Moreover, in the previously quoted text, Kant also accounts for the resistance that had held UN discussions at the sluggardly pace which have been criticized by so many. The answer to this problem, and thus the motivating factor that will inevitably move to accelerate progress in the face of the threat, is cosmopolitan right and responsibility. Kant rightfully argues that due to increased globalization and interrelation, a violation at one location affects all others. Thus cosmopolitan right “is a necessary supplement to the unwritten code of constitutional and international right, for public human right in general, and hence for perpetual peace. Only under this condition can one flatter oneself to be continually progressing toward perpetual peace” (84-85).
Given that we all inhabit the same planet, and have original common possession of it, the cosmopolitan right ensures the ability to come together to produce universal laws with which to govern our interaction (146). In relation to cosmopolitan right, then, Haflidadottir and Lang argue: “a state practising cosmopolitan responsibility, therefore, must continuously reflect on its reasons for certain political action, keeping in mind the ideal that Kant notes is crucial to progressive thought. Moreover, it must continuously reflect on, and make an assessment of, how it ought to act at any given time.”
To begin making progress towards substantive action on climate change, heteronomy of the power of choice must concede to the autonomy of the will.

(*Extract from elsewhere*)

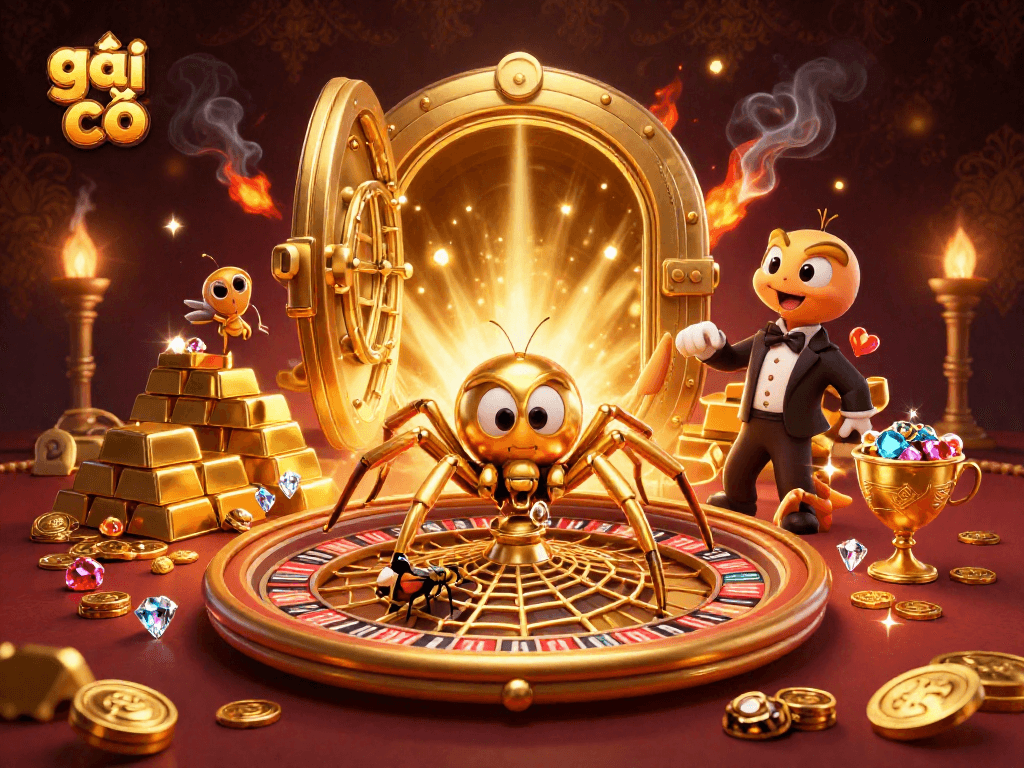 Hình ảnh gái gọi đặt cược tại sòng bạc với bánh roulette và chất liệu vàng lấp lánh.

Internal state influences must be neglected in order to view actions not in relation to the individual party and its interests, but as being related to the global community in which we live. After this elevation, parties can determine actions guided solely by the universal moral law instead of factoring in any notion of self-advantage, thus advocating for the well-being and prosperity of all citizens.
The ratification of the Paris Agreement by now almost 200 countries was the first step in developing a cosmopolitan approach, “showcasing the pressing need to move beyond differentiation based on historical contributions in order to secure a more comprehensive political commitment to further the climate change agenda” (193), but as it diminishes in hindsight, the idea of comradery in the fight weakens. It is clear that while the original intentions of the Paris Agreement was to create a sense of cosmopolitan responsibility, the continuous reflection on values and adjustment of action has not been upheld, again evidenced by President Trump’s withdrawal.
In agreement, Kant states: “In order to bring an end to this sophistry (if not to the injustices which it glosses over) and to compel the false representatives of those who wield power on earth to confess that they advocate might, not right … , it will be good to expose the illusion with which they deceive themselves and others and discover the highest principle from which the end of perpetual peace is derived” (100). The need to follow universal law and act with all peoples must be continuously cultivated in order to eradicate the influence of those outside, impending factors. Only then will true cosmopolitan responsibility be maintained and the extent of efficiency the UNFCCC holds be truly realized.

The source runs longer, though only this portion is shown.